Trainer suspended after two of his horses mysteriously die after races

LOUISVILLE, Ky. — Churchill Downs has suspended trainer Saffie Joseph Jr. indefinitely and Lord Miles, who is trained by Joseph, was scratched from the Kentucky Derby on Thursday, days after two of his horses died suddenly on the track.

The suspension prohibits Joseph, or any trainer directly or indirectly employed by him, from entering horses in races or requesting stalls at any tracks owned by Churchill Downs Inc.

The decision comes after the deaths of Parents Pride on Saturday and Chasing Artie on Tuesday. Both collapsed on the track and died after the races.

“Given the sudden unexplained deaths, we have reasonable concerns about the condition of his horses and have decided to suspend him indefinitely until the details are analyzed and understood,” said Bill Mudd, president and CEO of the operation of CDI, in a press release. “The safety of our equine and human athletes and the integrity of our sport is our top priority. We consider these measures to be our duty and our responsibility.

Saffie Joseph Jr. during morning practice for the Kentucky Derby at Churchill Downs in Louisville, Ky., Thursday. Andy Lyons/Getty Images

Investigators have yet to find a cause for the deaths of Joseph’s two horses in 72 hours, as well as two others over the past week, which has cast a veil over Churchill Downs during final preparations for the Derby du Kentucky Saturday.

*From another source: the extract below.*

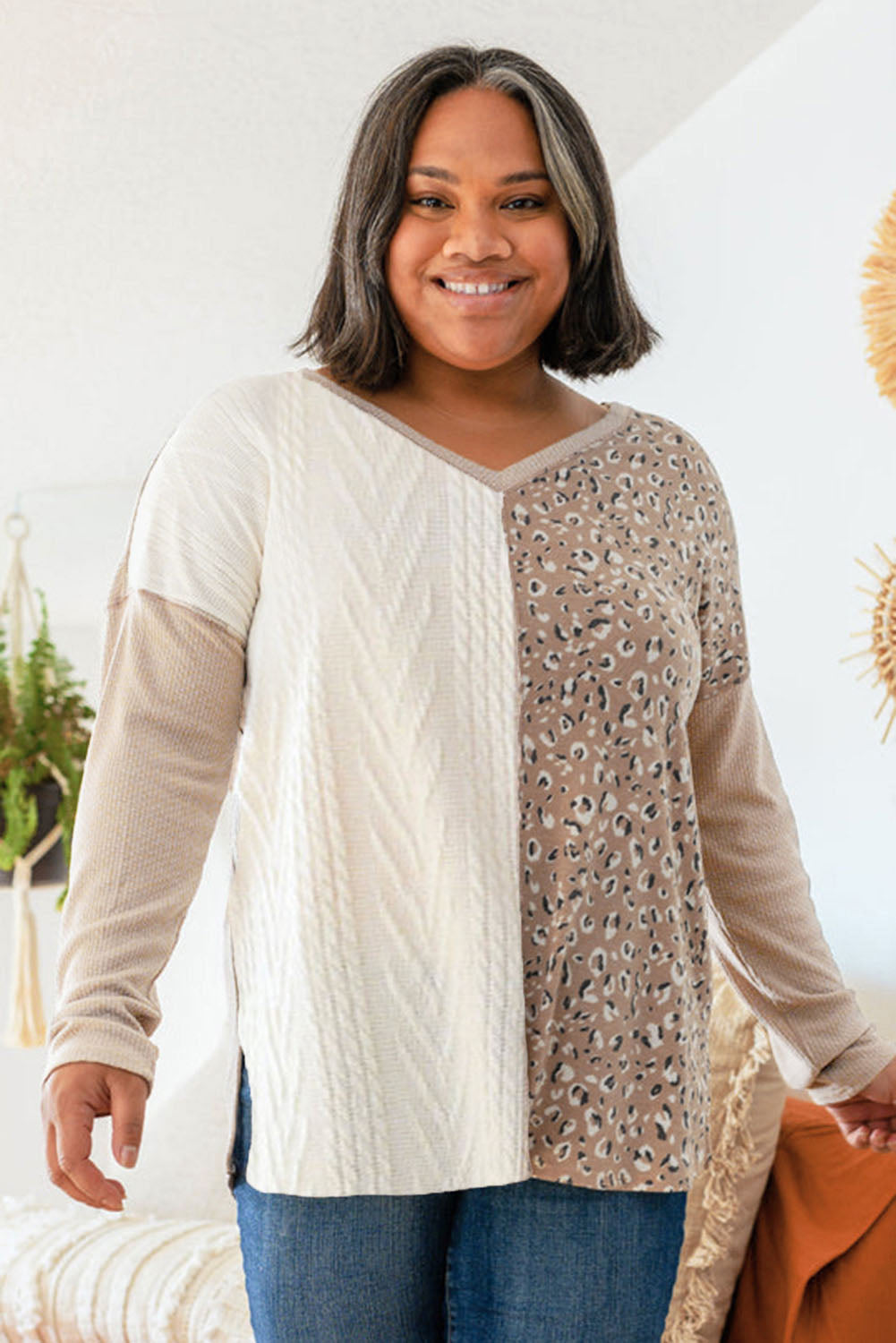 Plus Size Leopard Patchwork Mix Knit Long Sleeve Top | Gray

“It’s the worst part of the game,” said Derby favorite Forte co-owner Mike Repole. “It’s very sad.”

Joseph said earlier Thursday that he was interviewed by investigators from the Kentucky Horse Racing Commission and Churchill Downs.

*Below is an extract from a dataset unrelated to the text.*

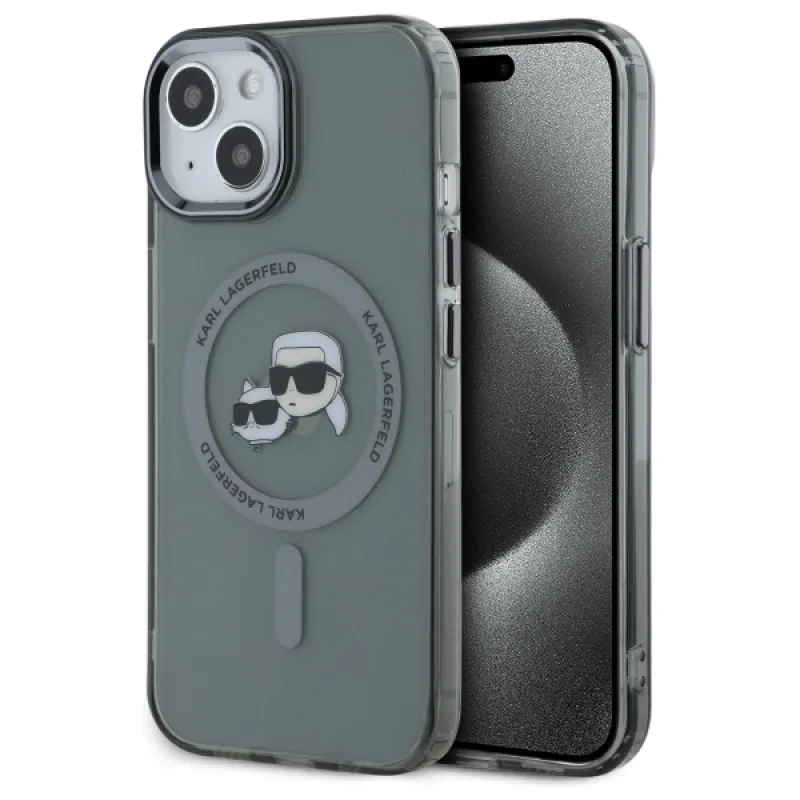 Karl Lagerfeld KLHMP15SHLSKCK iPhone 15 6,1" čierno/čierne pevné puzdro IML Metal Karl&Choupette Head MagSafe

“They found no wrongdoing on our part,” he said.

Joseph received permission from the KHRC to withdraw five horses from racing on Thursday, Friday and Saturday, according to the Daily Racing Form. He had already scratched a Wednesday. He told reporters earlier in the day that he had scratched any horse that had come into contact with the two dead out of an abundance of caution.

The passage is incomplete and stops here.